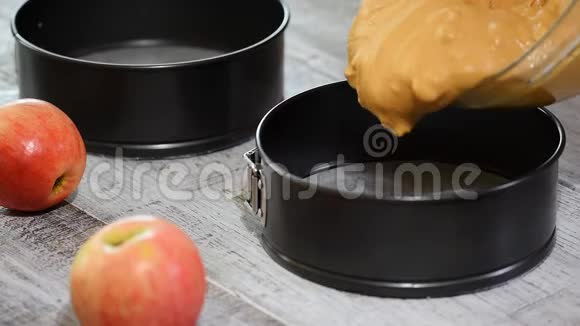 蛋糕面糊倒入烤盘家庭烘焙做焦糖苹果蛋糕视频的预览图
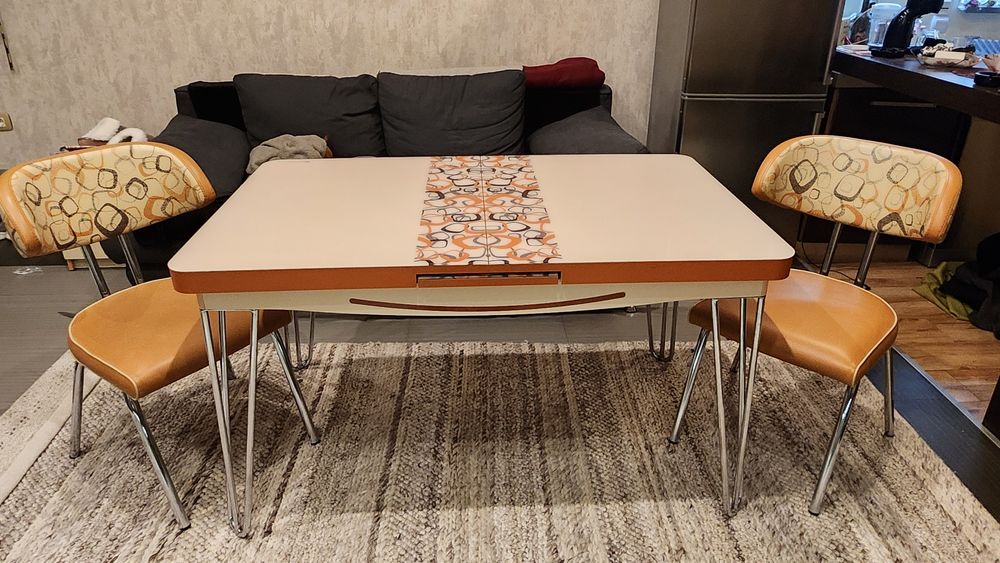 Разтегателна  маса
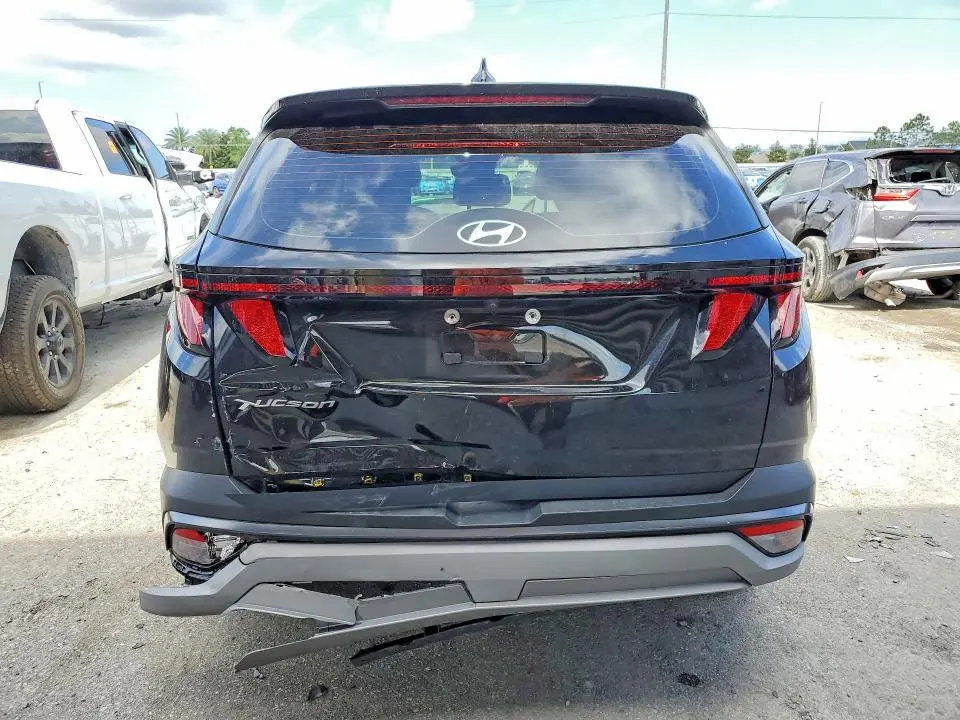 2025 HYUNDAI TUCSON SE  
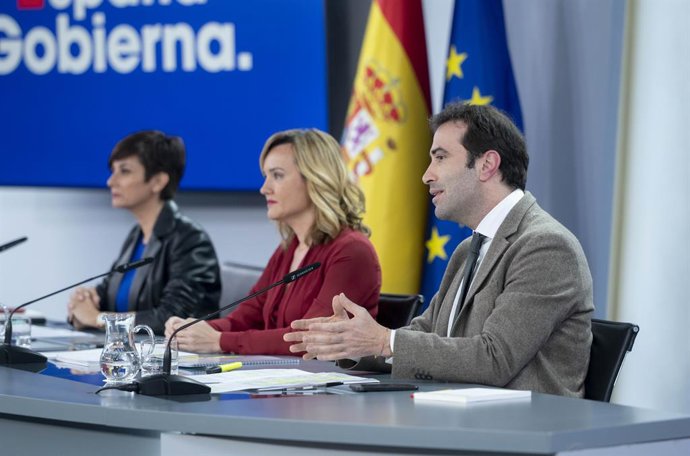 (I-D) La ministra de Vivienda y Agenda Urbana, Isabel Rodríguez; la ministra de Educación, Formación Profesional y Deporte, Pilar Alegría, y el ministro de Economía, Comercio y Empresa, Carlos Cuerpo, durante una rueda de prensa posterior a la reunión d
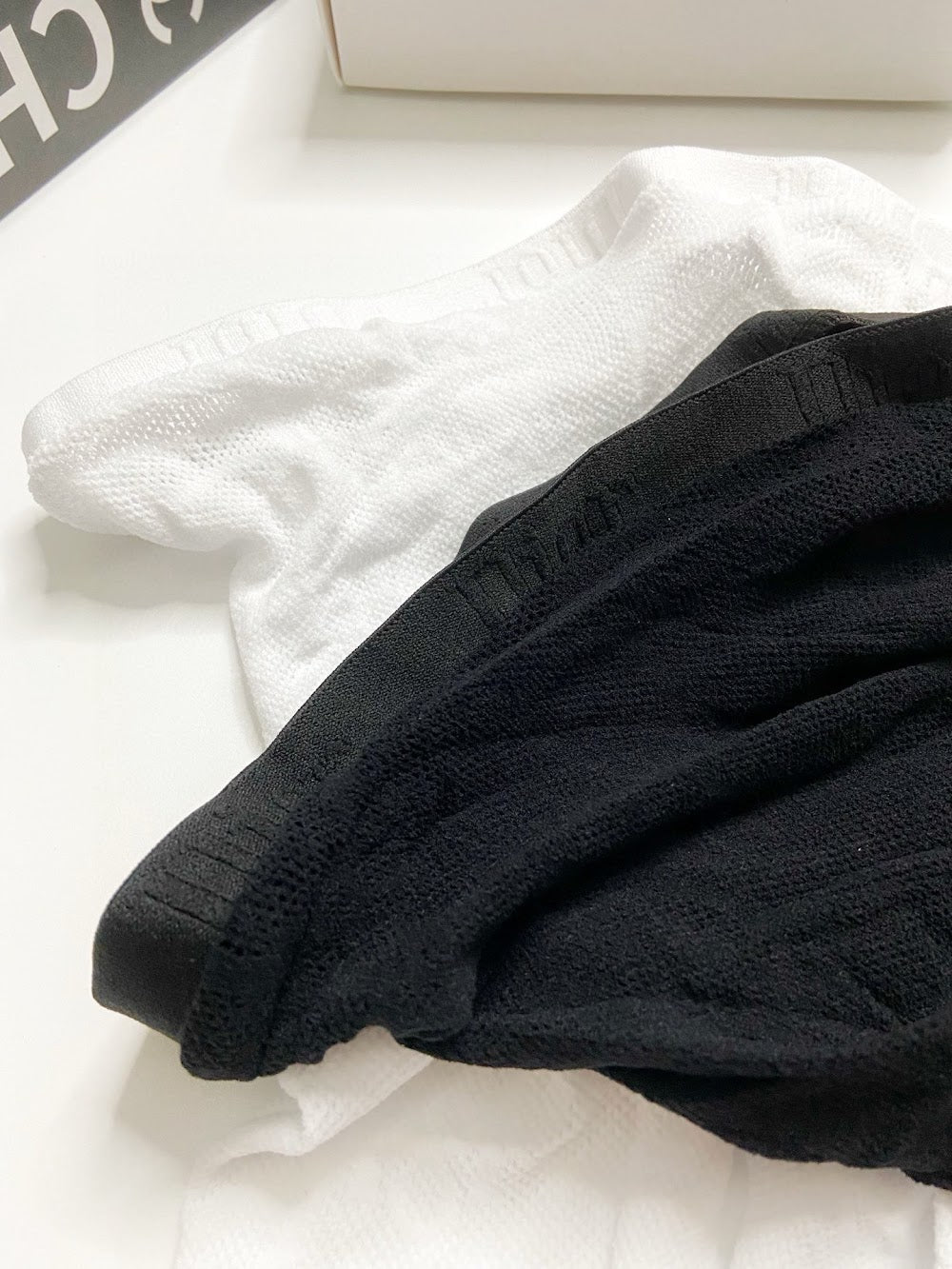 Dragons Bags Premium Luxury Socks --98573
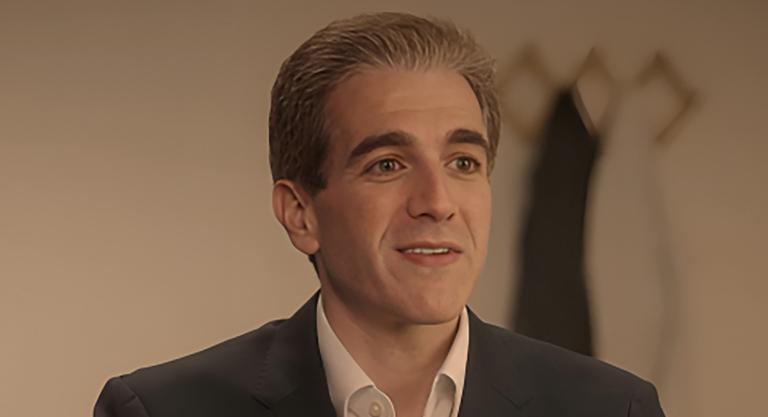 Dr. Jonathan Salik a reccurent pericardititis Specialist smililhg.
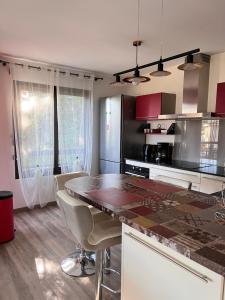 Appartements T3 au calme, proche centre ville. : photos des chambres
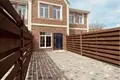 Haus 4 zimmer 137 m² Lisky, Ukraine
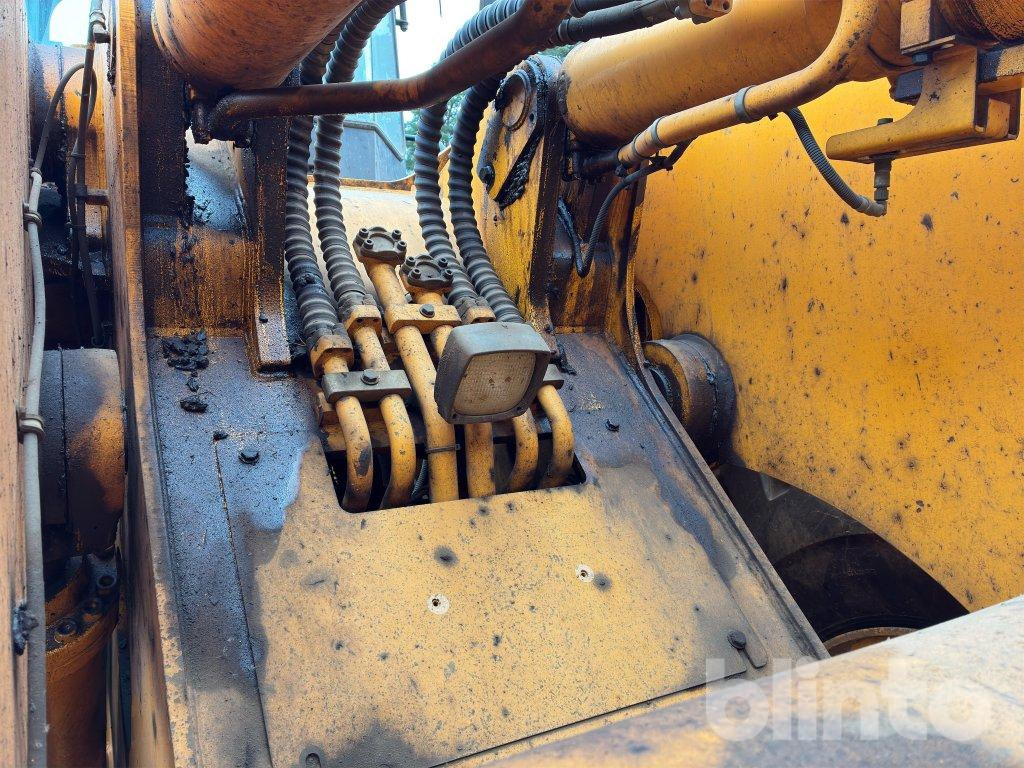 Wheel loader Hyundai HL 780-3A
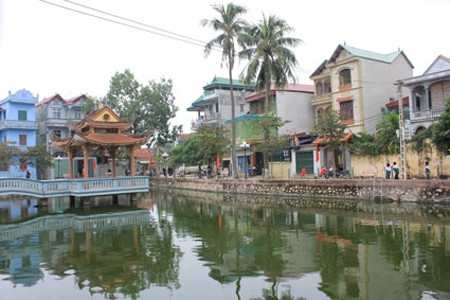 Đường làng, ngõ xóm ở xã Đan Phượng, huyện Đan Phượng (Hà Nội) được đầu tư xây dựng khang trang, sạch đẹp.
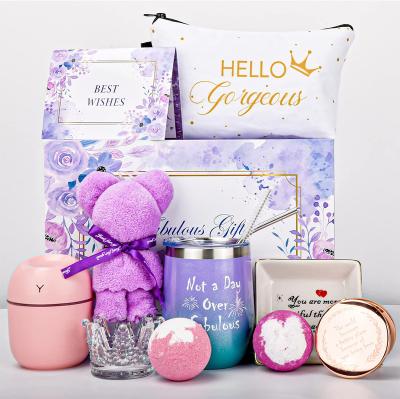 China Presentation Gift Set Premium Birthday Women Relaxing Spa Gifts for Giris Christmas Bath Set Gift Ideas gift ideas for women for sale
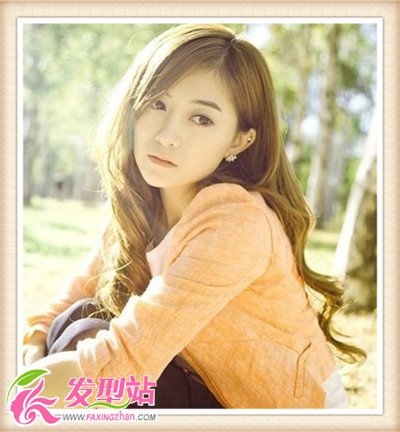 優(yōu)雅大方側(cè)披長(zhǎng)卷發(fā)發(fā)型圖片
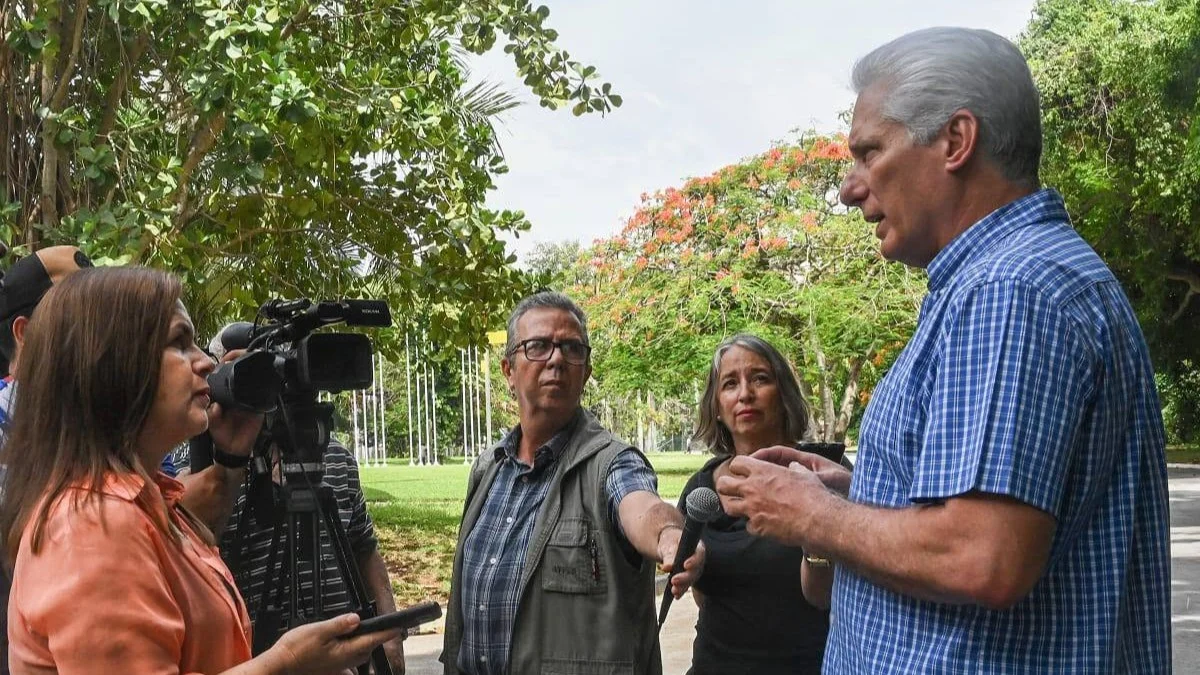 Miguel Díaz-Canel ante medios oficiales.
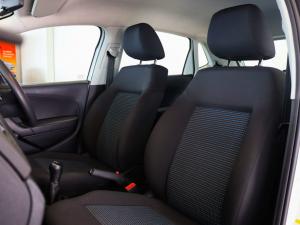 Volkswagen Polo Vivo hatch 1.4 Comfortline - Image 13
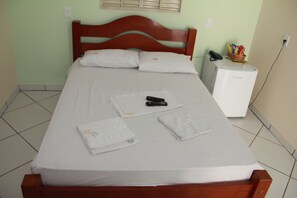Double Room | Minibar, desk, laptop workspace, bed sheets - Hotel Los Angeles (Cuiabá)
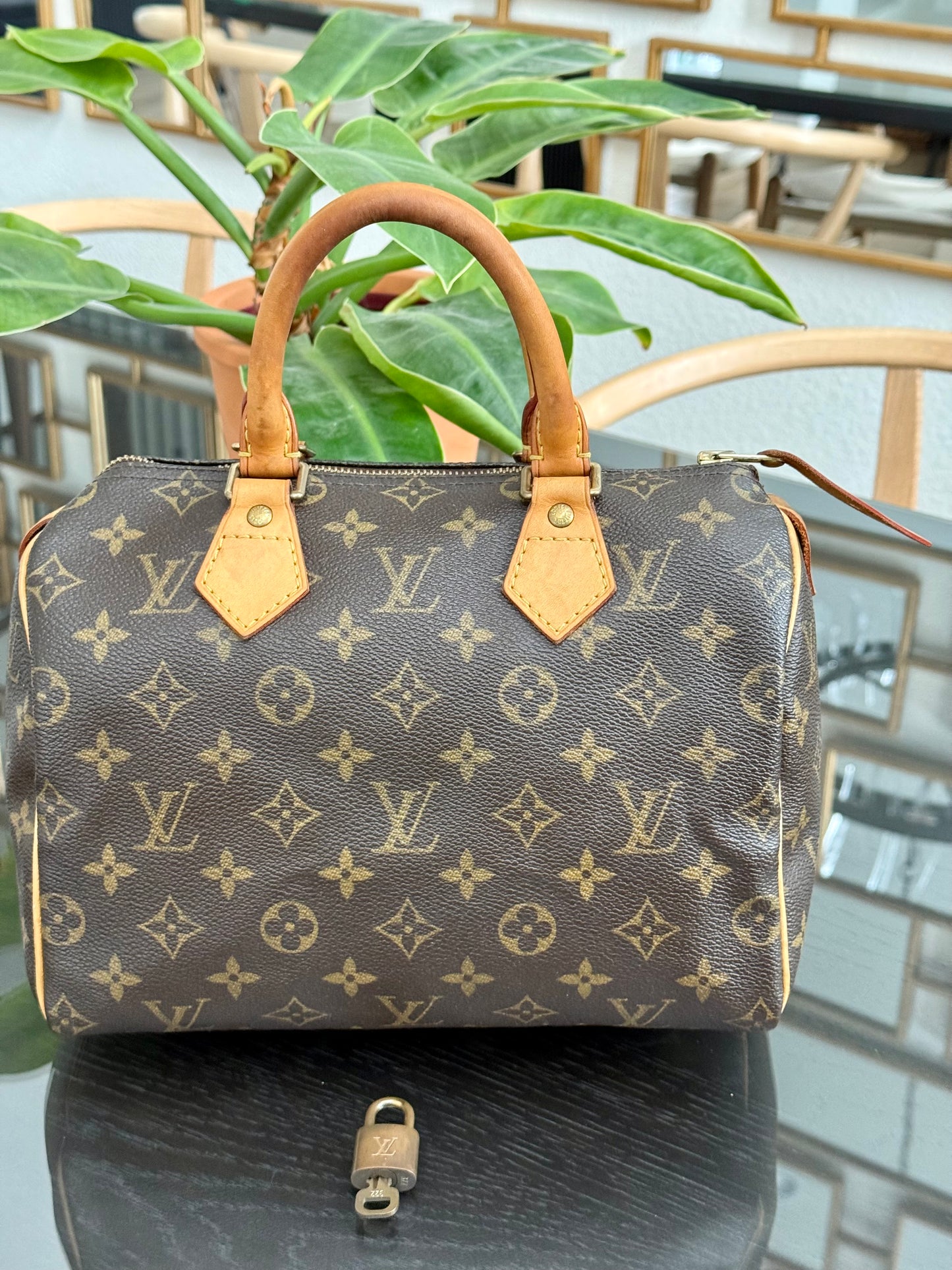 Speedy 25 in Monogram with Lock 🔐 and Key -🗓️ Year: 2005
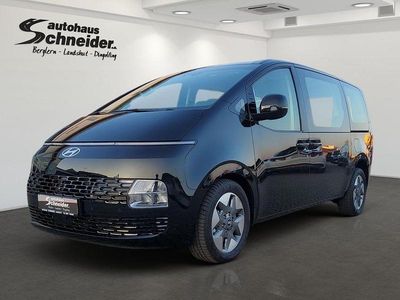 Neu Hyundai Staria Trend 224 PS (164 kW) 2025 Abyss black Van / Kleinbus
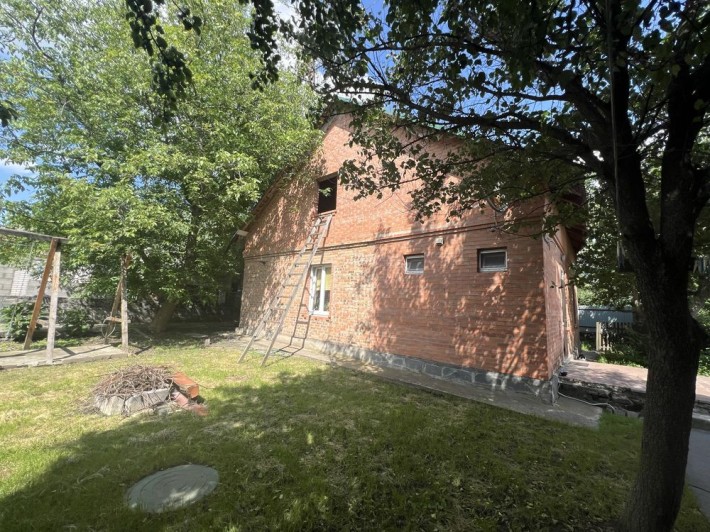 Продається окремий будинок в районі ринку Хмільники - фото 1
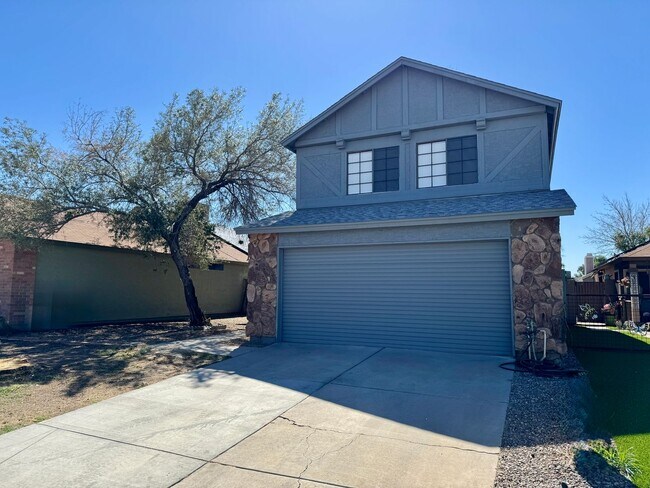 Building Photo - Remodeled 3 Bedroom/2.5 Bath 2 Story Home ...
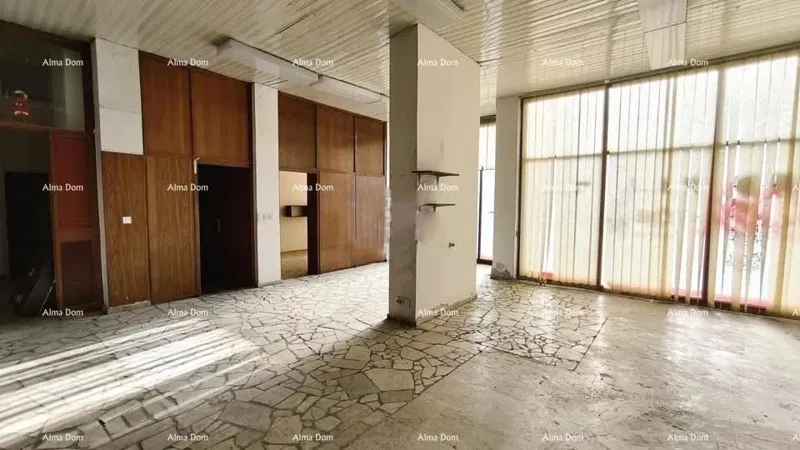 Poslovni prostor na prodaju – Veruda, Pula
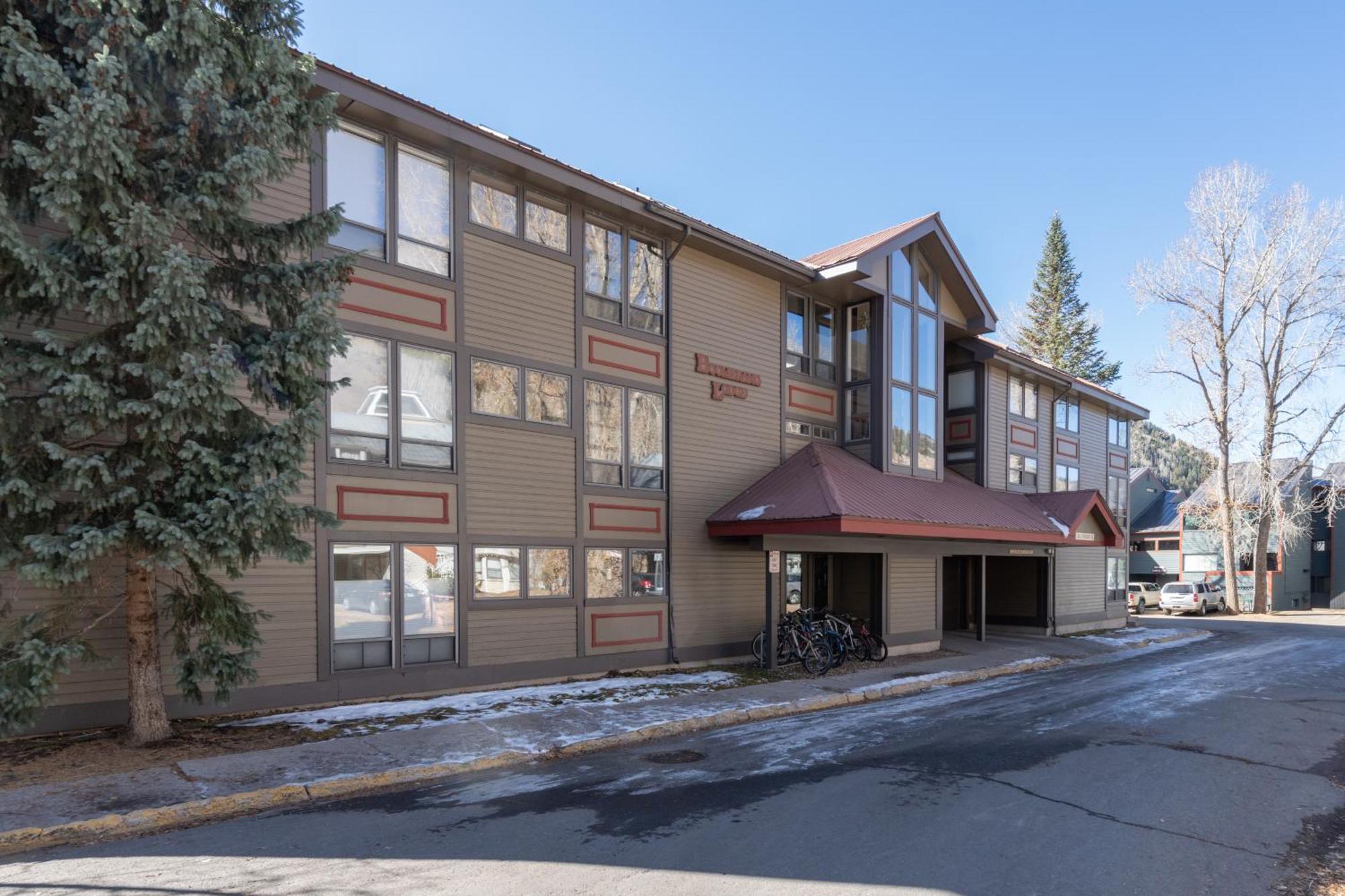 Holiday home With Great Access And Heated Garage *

-- WHAT YOU NEED TO DO --
Everything from the line containing "Double Room |" through the last line of the entries must be repeated verbatim, except pictures.

-- TASK SOLUTION --
Double Room | Minibar, desk, laptop workspace, bed sheets - Hotel Los Angeles (Cuiabá)
 Speedy 25 in Monogram with Lock 🔐 and Key -🗓️ Year: 2005
 Neu Hyundai Staria Trend 224 PS (164 kW) 2025 Abyss black Van / Kleinbus
 Продається окремий будинок в районі ринку Хмільники - фото 1
 Building Photo - Remodeled 3 Bedroom/2.5 Bath 2 Story Home ...
 Poslovni prostor na prodaju – Veruda, Pula
 Holiday home With Great Access And Heated Garage *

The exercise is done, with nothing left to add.